Stirrups will give you the longest lifespan. Can you find some that are a better fit? If needs be you can pack underneath as you want the load on the head of the post, not the side. Shims are useful as they come in very accurate thicknesses but just check if they are okay for exterior use.
I'm sure others will have some feedback too.
Thanks for sharing your question about your round decking project with us.
It's great that you've received fantastic advice from @Adam_W. I totally agree with his recommendation of added posts. I recommend having a ponder on the possible number of people that will be on the deck. This is where FLW and Adam's mantra of flowing weight distribution comes in. The materials you use will directly affect the strength and longevity of your deck.
Using H4 posts will simplify things as you will not have to make adjustments and level the shim or packer to make sure they are all the same height. The good part about adding more posts is that it does not affect the weight of the deck yet strengthens it by adding more support. We look forward to seeing the start of your deck.
If you need more advice or information, please let us know.
Looks like an exciting project @midas, can't wait to see the finished project.
I think @EricL and @Adam_W have pretty much covered everything, the only other thing I can think to suggest is that if the stirrups you are planning to use are too large for the 90 x 45mm bearers, maybe you could consider upgrading to 120x45mm. This will mean the bearers sit on the base of the stirrup as intended, and will also give the bearers greater strength, making your proposed spacings more achievable. This will still allow you to use the 90 x 45mm for the joists as you are planning on doing
Really looking forward to seeing update photos of this one, would be great to see some work in progress pics as well as the finished product.
Best of luck!
@Adam_W Thanks for the explanation about force transfer. I'm thinking I'll increase the number of joists so there is only about a 315mm space between them (instead of 450mm). That feels like a lot of joists but as you say, I'm not dealing with continuous joists. Adding more posts too is a good idea. I've updated the diagram to show these alterations.
@EricL Good thinking about using H4 posts instead. I had been thinking of using stirrups so I could have smaller footings because the deck will be close to an established ash tree. However, timber posts might just be easier in the long run.

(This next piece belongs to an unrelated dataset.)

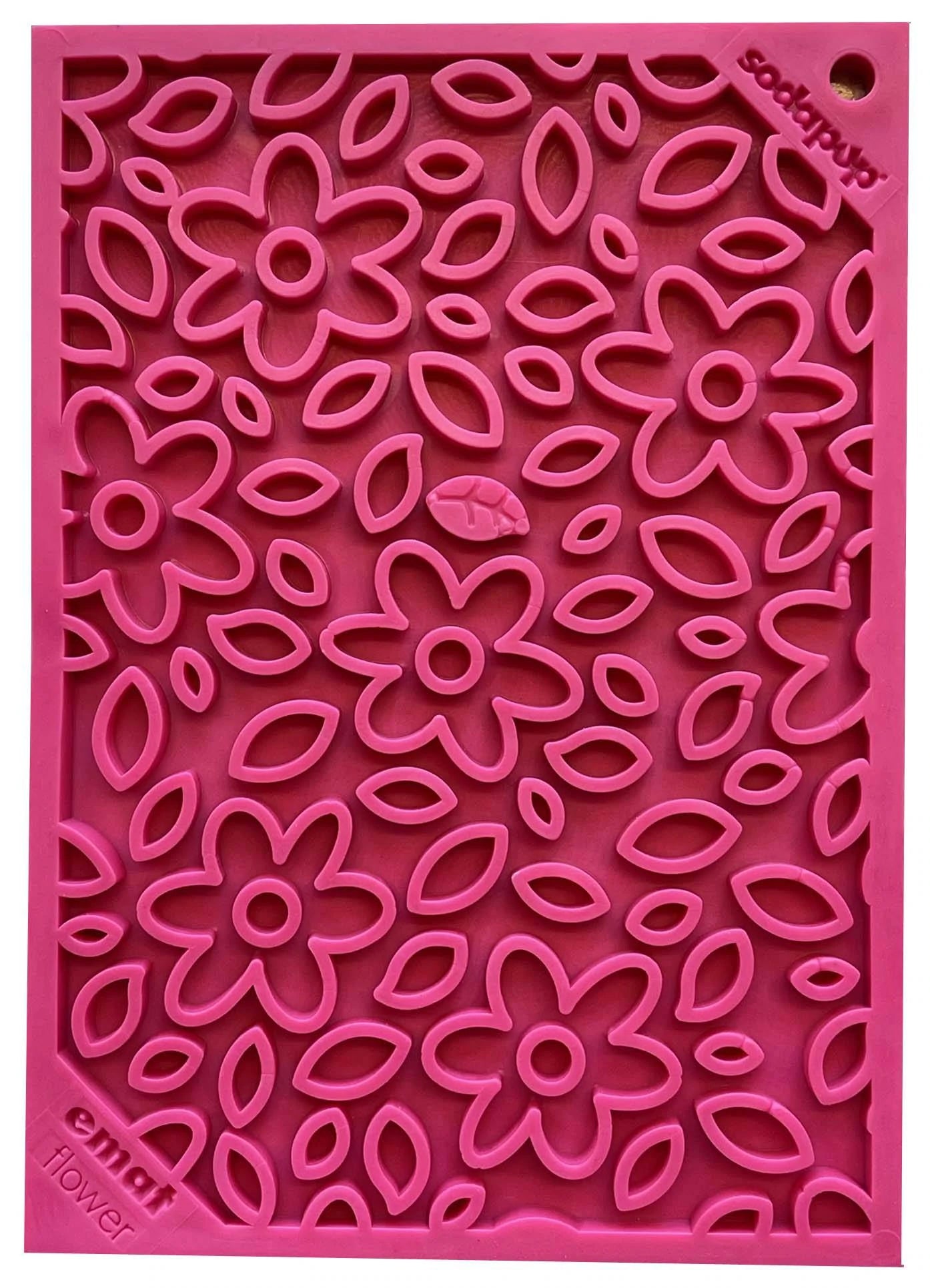 Tapis d'alimentation interactif fleurs roses - SodaPup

@tom_builds That is another great suggestion, thank you. This might work rather well.
May I ask, do any of you have any concerns with using angled joists for the curved sections (shown in yellow in the diagram)? I can't find appropriate 40 degree joist hangers. I could change the design to 45 degrees but even then I can't find angled hangers. I guess this means I'll have to use four large coach screws at each of points when the yellow joist connects to the other joists and bearers? Will that be enough support?
Thank you again! I will be sure to take plenty of photos along the way and share photos of the finished product.

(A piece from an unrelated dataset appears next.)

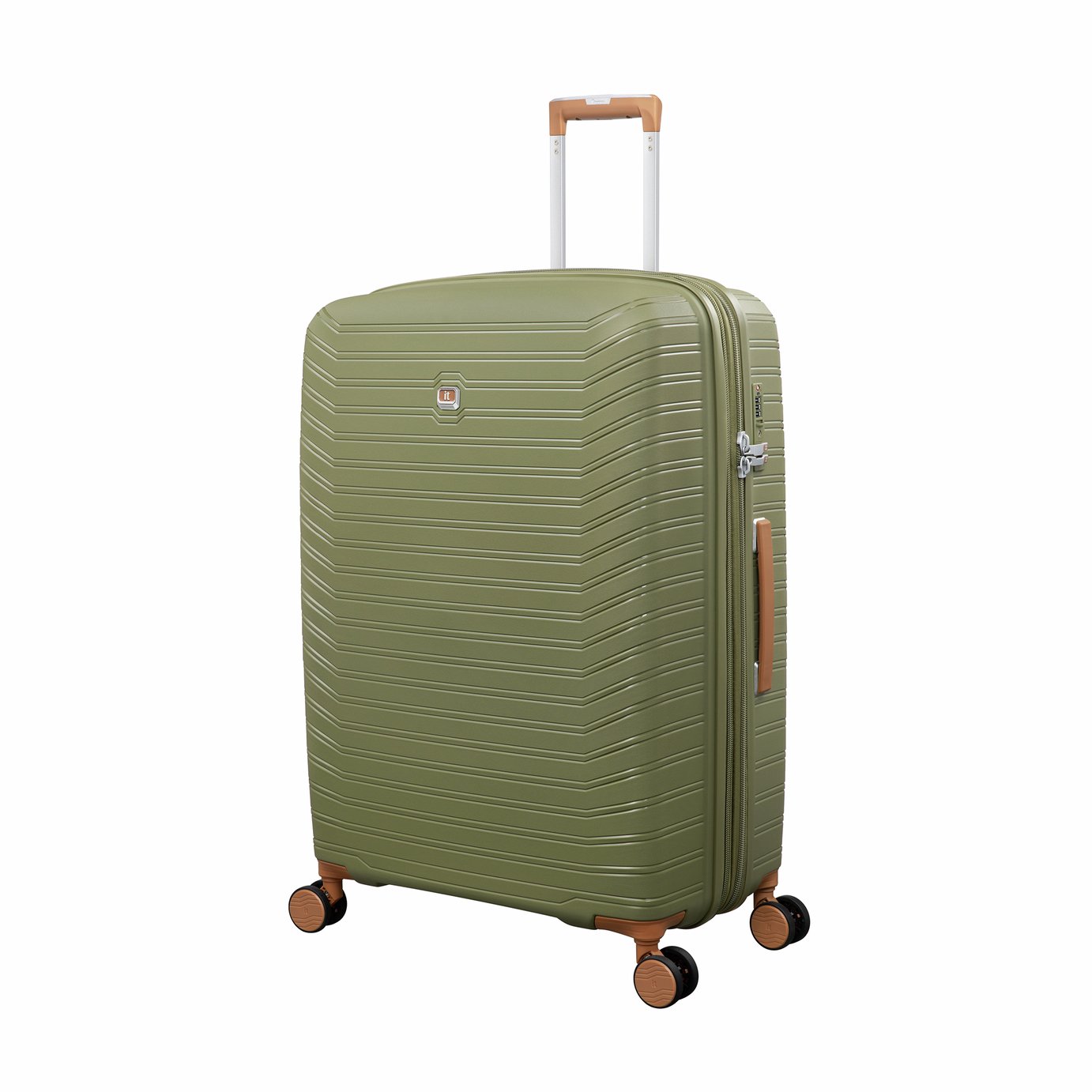 IT Luggage Continuous Expandable 8 Wheel Hard Suitcase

Good stuff @midas and yes! Please make sure you share pics as you progress.
While joist hangers don't seem to come in an angled variety @midas, you might find that you can bend them sufficiently to achieve what you need, and then use coach screws to connect through the bearers into the joists. The joist hangers will make the coach screws easier to fix, and while bending the joist hangers may affect their strength, combined with the coach screws they should help strengthen the joint.
They are wrap around style, not sure on sizing for your project but they have a diagram and phone numbers listed for most states.
Thanks @Brad ! I found those online but struggling to find a local supplier.
@tom_builds i had the same idea. I'm thinking i might do it that way. The hanger (or maybe even just a nail plate) will just hold thinks in place while the coach screws do the heavy lifting. If in doubt I'm sure i could also put a post in the middle too to help hold the weight.